Repeat exactly the line that contains "Melody Maison - Gold" and every line after it, down to the last line of the entries below. Do not include pictures.

□ □ □

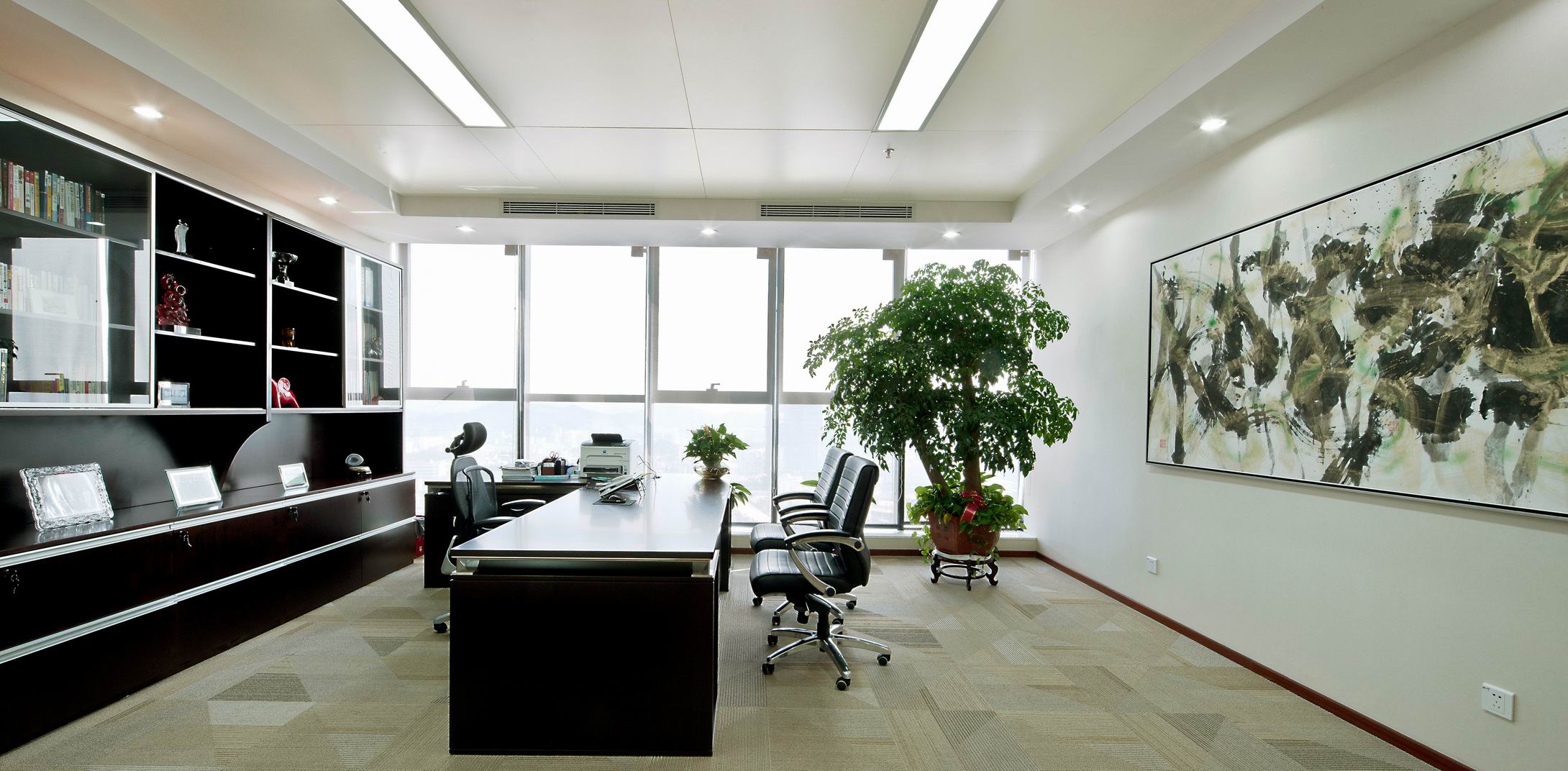 TCL公司辦公樓裝修設(shè)計-第5張圖片-上海古都建筑設(shè)計集團 TCL公司辦公樓裝修設(shè)計-第5張圖片-上海古都建筑設(shè)計集團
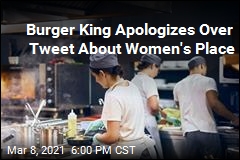 Tweet About Female Chefs Burns Burger King UK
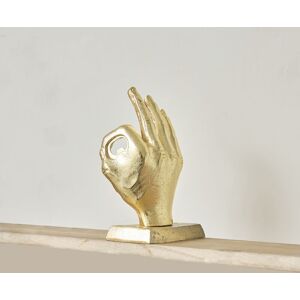 Melody Maison - Gold Hand Shaped Bottle Opener - Gold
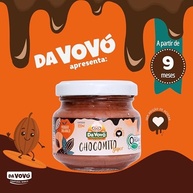 Chocomito Da Vovó - Manjar Nutritivo de Cacau Orgânico Zero Açúcar e Lactose - Sabor Dark 100ml - imagem 5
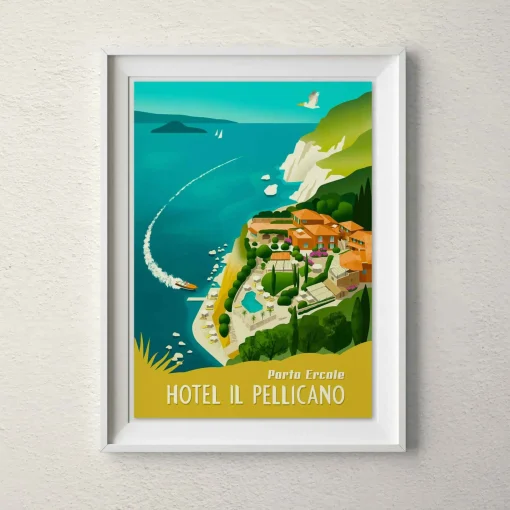 Sale Il Pellicano Poster Il Pellicano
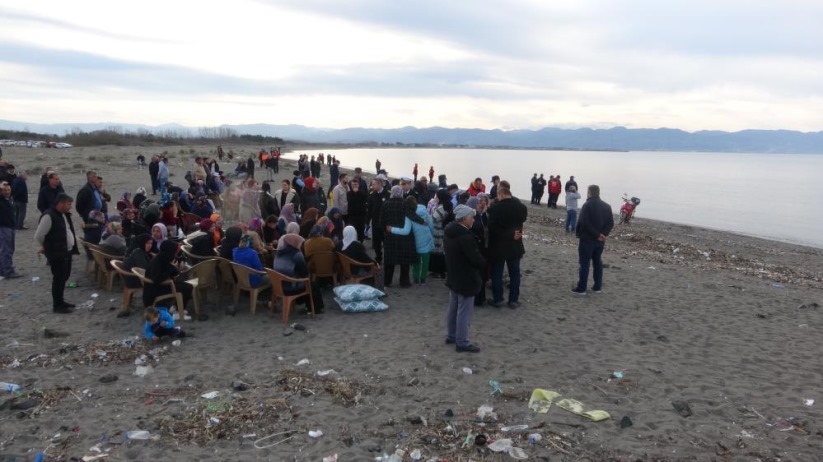 Samsun'da kayıp balıkçılar için ekipler seferber oldu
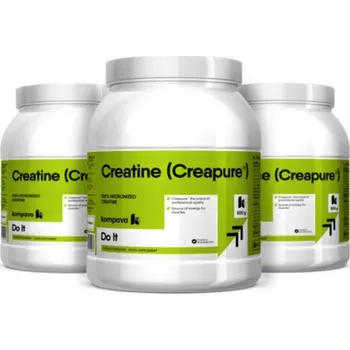 Kreatin Kompava Kreatin Creapure Creapure 3x500g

□ □ □

Solution to the exercise:
 Melody Maison - Gold Hand Shaped Bottle Opener - Gold
 Chocomito Da Vovó - Manjar Nutritivo de Cacau Orgânico Zero Açúcar e Lactose - Sabor Dark 100ml - imagem 5
 Sale Il Pellicano Poster Il Pellicano
 Samsun'da kayıp balıkçılar için ekipler seferber oldu
 Kreatin Kompava Kreatin Creapure Creapure 3x500g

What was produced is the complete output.